DATA TO EXAMINE:
<<<<
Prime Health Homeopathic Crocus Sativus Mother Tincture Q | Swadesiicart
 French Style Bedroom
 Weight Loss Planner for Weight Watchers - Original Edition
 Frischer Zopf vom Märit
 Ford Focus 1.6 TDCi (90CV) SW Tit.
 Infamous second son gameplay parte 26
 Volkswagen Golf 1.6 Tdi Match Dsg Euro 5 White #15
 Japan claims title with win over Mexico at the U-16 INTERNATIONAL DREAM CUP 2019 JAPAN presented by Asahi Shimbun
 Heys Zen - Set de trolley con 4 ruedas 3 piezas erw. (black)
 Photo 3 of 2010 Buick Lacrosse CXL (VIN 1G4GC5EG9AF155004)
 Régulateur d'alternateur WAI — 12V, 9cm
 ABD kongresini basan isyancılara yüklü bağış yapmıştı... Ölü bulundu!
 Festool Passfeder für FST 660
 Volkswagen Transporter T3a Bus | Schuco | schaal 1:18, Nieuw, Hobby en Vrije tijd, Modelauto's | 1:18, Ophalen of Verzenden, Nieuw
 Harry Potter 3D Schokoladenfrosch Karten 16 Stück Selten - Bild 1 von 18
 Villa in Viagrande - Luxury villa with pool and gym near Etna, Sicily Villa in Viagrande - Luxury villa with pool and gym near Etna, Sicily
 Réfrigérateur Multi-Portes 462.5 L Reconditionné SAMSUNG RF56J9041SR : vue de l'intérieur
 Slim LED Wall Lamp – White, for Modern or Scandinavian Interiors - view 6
>>>>
WORK TO COMPLETE:
Retype every entry word for word.

ANSWER TO THIS PROBLEM:
Prime Health Homeopathic Crocus Sativus Mother Tincture Q | Swadesiicart
 French Style Bedroom
 Weight Loss Planner for Weight Watchers - Original Edition
 Frischer Zopf vom Märit
 Ford Focus 1.6 TDCi (90CV) SW Tit.
 Infamous second son gameplay parte 26
 Volkswagen Golf 1.6 Tdi Match Dsg Euro 5 White #15
 Japan claims title with win over Mexico at the U-16 INTERNATIONAL DREAM CUP 2019 JAPAN presented by Asahi Shimbun
 Heys Zen - Set de trolley con 4 ruedas 3 piezas erw. (black)
 Photo 3 of 2010 Buick Lacrosse CXL (VIN 1G4GC5EG9AF155004)
 Régulateur d'alternateur WAI — 12V, 9cm
 ABD kongresini basan isyancılara yüklü bağış yapmıştı... Ölü bulundu!
 Festool Passfeder für FST 660
 Volkswagen Transporter T3a Bus | Schuco | schaal 1:18, Nieuw, Hobby en Vrije tijd, Modelauto's | 1:18, Ophalen of Verzenden, Nieuw
 Harry Potter 3D Schokoladenfrosch Karten 16 Stück Selten - Bild 1 von 18
 Villa in Viagrande - Luxury villa with pool and gym near Etna, Sicily Villa in Viagrande - Luxury villa with pool and gym near Etna, Sicily
 Réfrigérateur Multi-Portes 462.5 L Reconditionné SAMSUNG RF56J9041SR : vue de l'intérieur
 Slim LED Wall Lamp – White, for Modern or Scandinavian Interiors - view 6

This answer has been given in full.